# [Prompt]
Nothing in the data may be altered, so output all of it exactly.

# [Supplied information]
━━━━━━━━━━━━━━━━━━━━━━━━━━━━━━

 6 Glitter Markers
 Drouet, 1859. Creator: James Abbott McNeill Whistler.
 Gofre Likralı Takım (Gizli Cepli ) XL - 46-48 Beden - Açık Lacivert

━━━━━━━━━━━━━━━━━━━━━━━━━━━━━━

# [Response to this task]
 6 Glitter Markers
 Drouet, 1859. Creator: James Abbott McNeill Whistler.
 Gofre Likralı Takım (Gizli Cepli ) XL - 46-48 Beden - Açık Lacivert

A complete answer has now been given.